■ **Web page caption snippets**

---------------

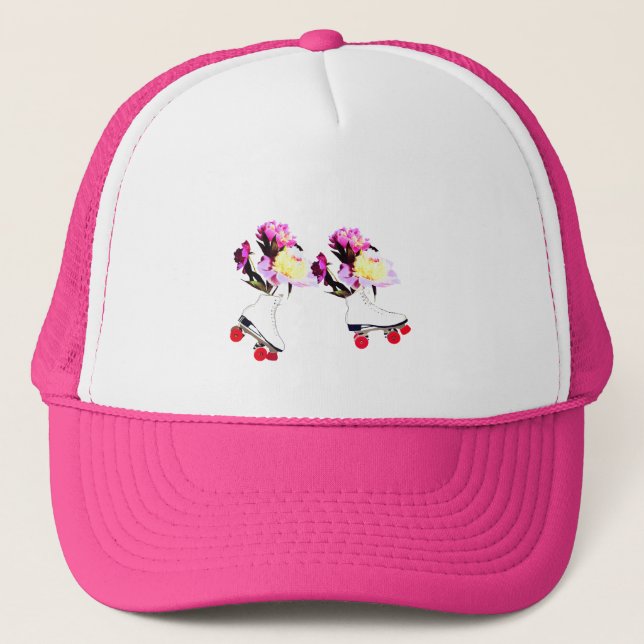 Casquette Trucker Patins & Pivoines (Devant)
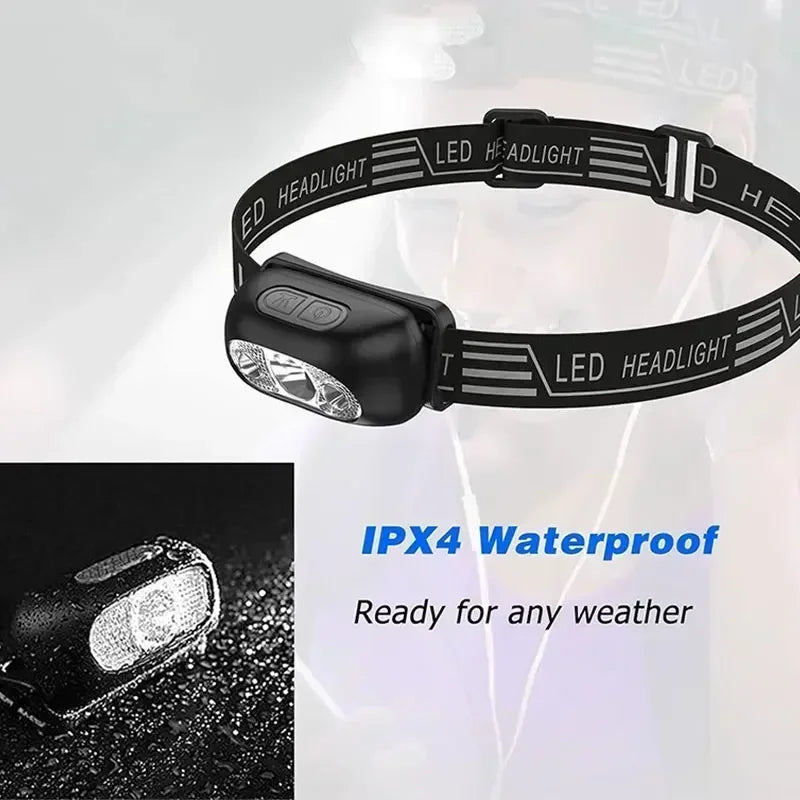 Linterna Frontal LED con Sensor de Inducción Camping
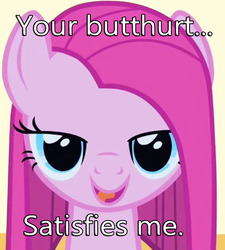 Size: 798x888 | Tagged: safe, pinkie pie, g4, butthurt, caption, image macro, pinkamena diane pie, solo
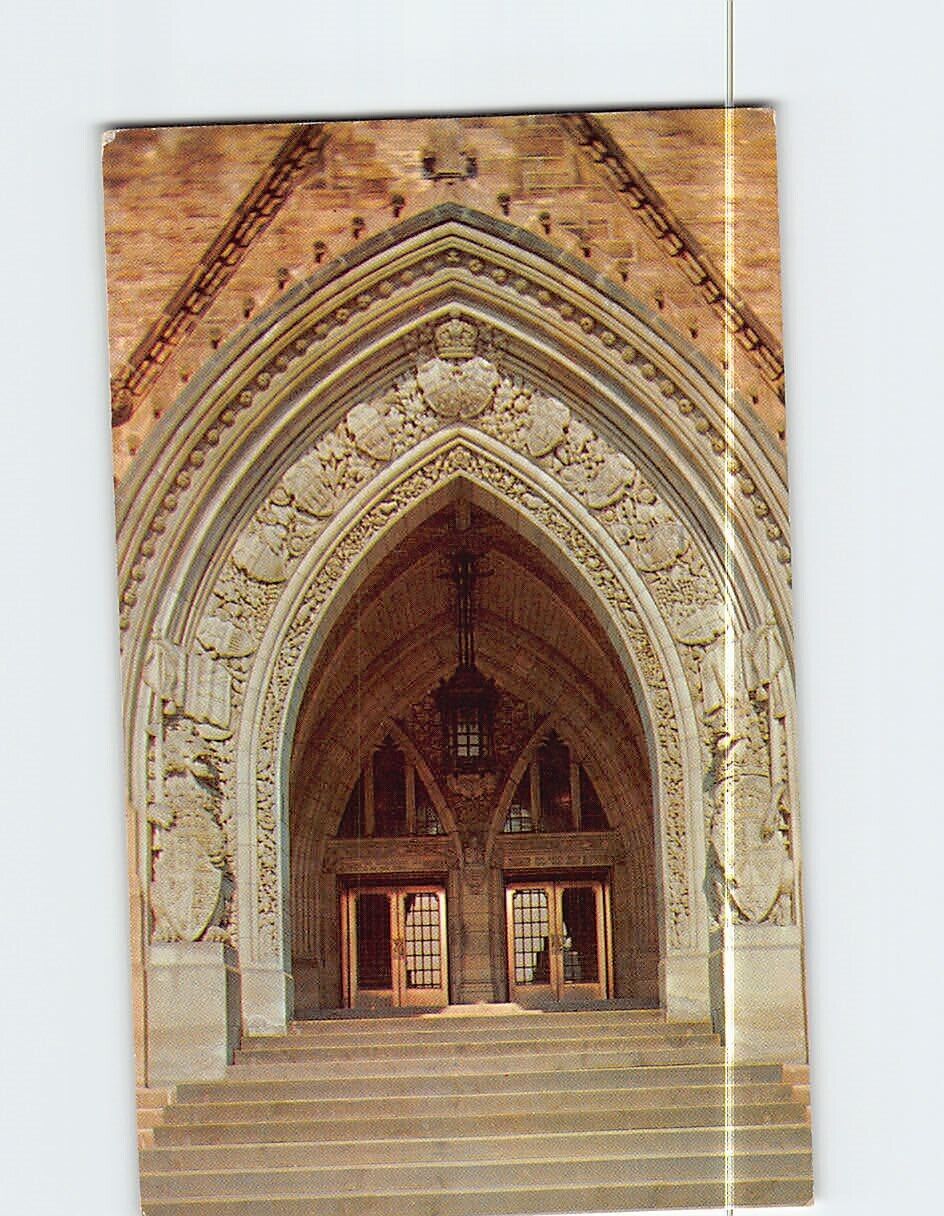 Postcard Main Entrance to Peace Tower & Houses of Parliament Ontario Canada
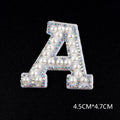 Decorative letter A sticker featuring white faux pearls and clear rhinestones, 2-pack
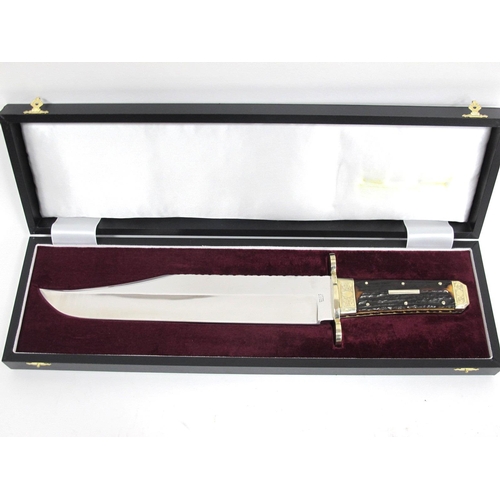 1301 - A Stan Shaw Bowie Knife, with stag scales, nickel silver engraved bolsters, workback to handle and b... 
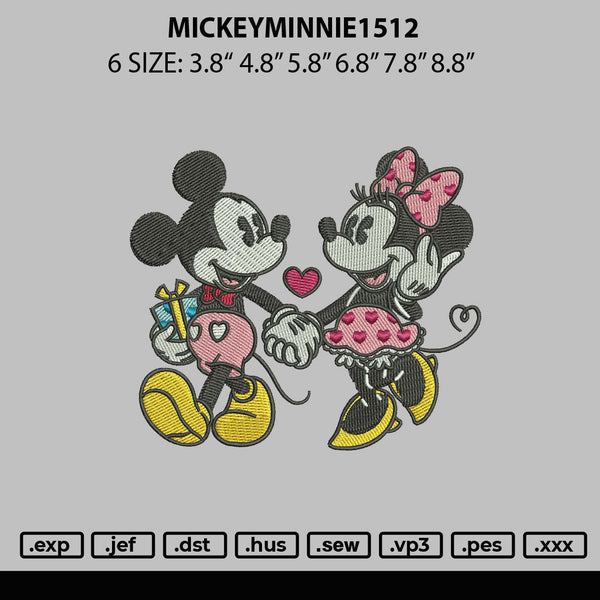 Mickeyminnie1512 Embroidery File 6 sizes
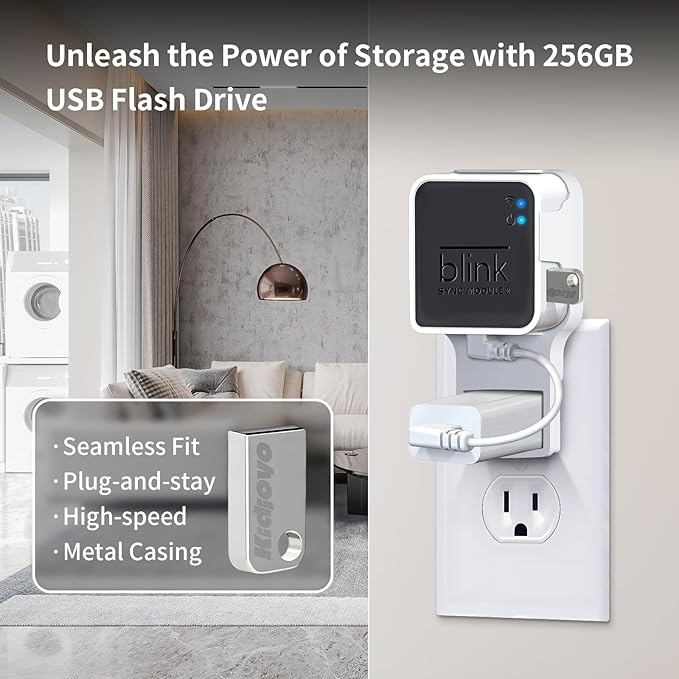256GB Blink USB Flash Drive & Wall Mount for Blink Sync Module 2 with Short Cable - Save Space - No Messy Wires - Easy Move Mount Bracket Holder for Blink Outdoor Indoor Security Camera (1 Pack)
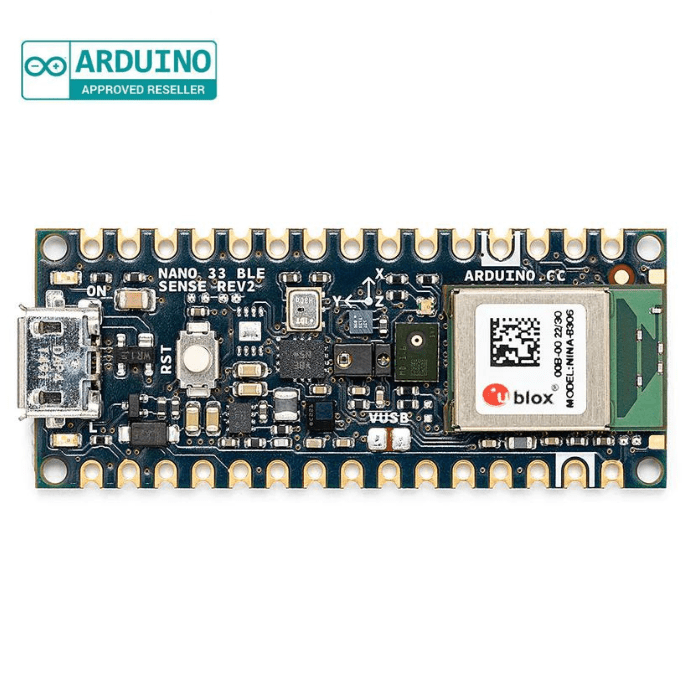 Arduino Nano BLE Sense Rev2 (With Headers) – AI-powered board with Bluetooth -Original Arduino Board -Robocraze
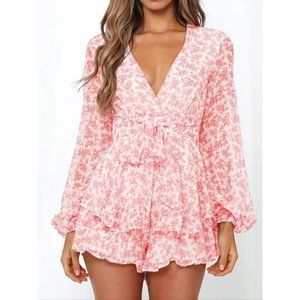 Girly Floral Long Sleeve Romper Pink White V-neck Ruffle Shorts Jumpsuit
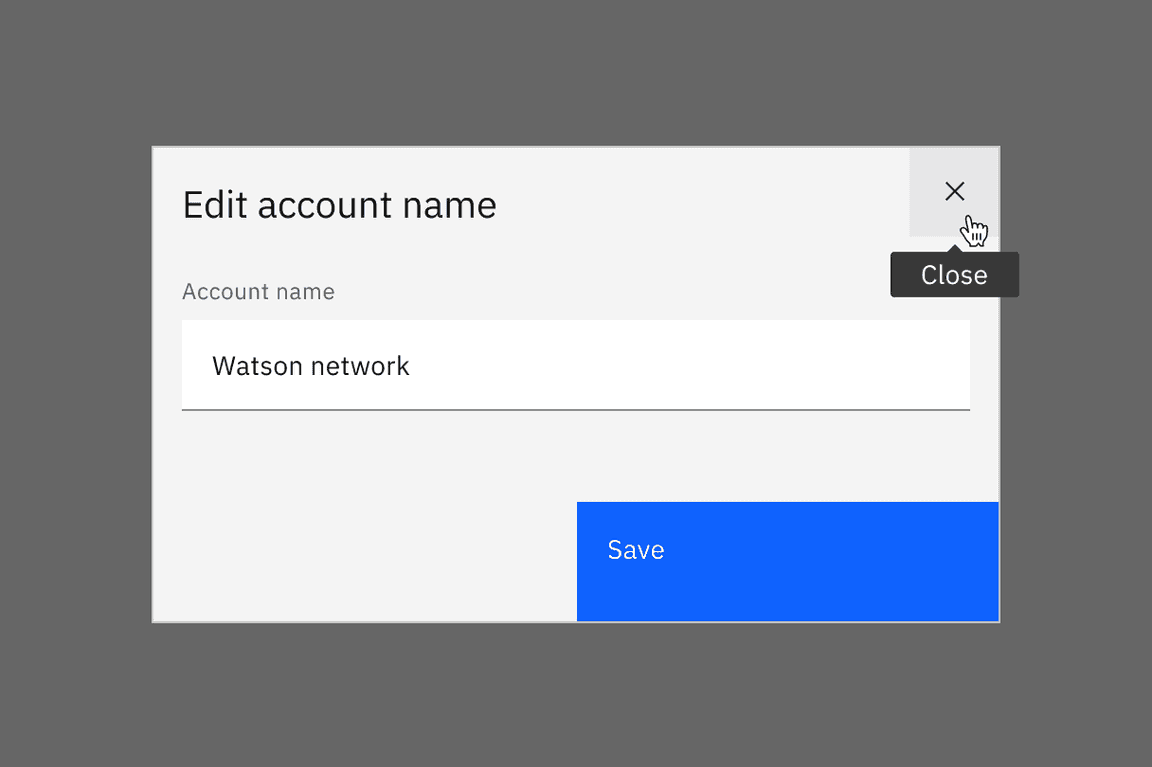 a pointer hovering over an icon-only button shows the name 'Close'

---------------

■ **What needs to be done**
Only the lines from the one containing "Decorative letter A" through the last line of the entries above, both included, belong in the answer, written out exactly; pictures do not.

■ **Answer section**
 Decorative letter A sticker featuring white faux pearls and clear rhinestones, 2-pack
 1301 - A Stan Shaw Bowie Knife, with stag scales, nickel silver engraved bolsters, workback to handle and b... 
 Mickeyminnie1512 Embroidery File 6 sizes
256GB Blink USB Flash Drive & Wall Mount for Blink Sync Module 2 with Short Cable - Save Space - No Messy Wires - Easy Move Mount Bracket Holder for Blink Outdoor Indoor Security Camera (1 Pack)
 Arduino Nano BLE Sense Rev2 (With Headers) – AI-powered board with Bluetooth -Original Arduino Board -Robocraze
 Girly Floral Long Sleeve Romper Pink White V-neck Ruffle Shorts Jumpsuit
 a pointer hovering over an icon-only button shows the name 'Close'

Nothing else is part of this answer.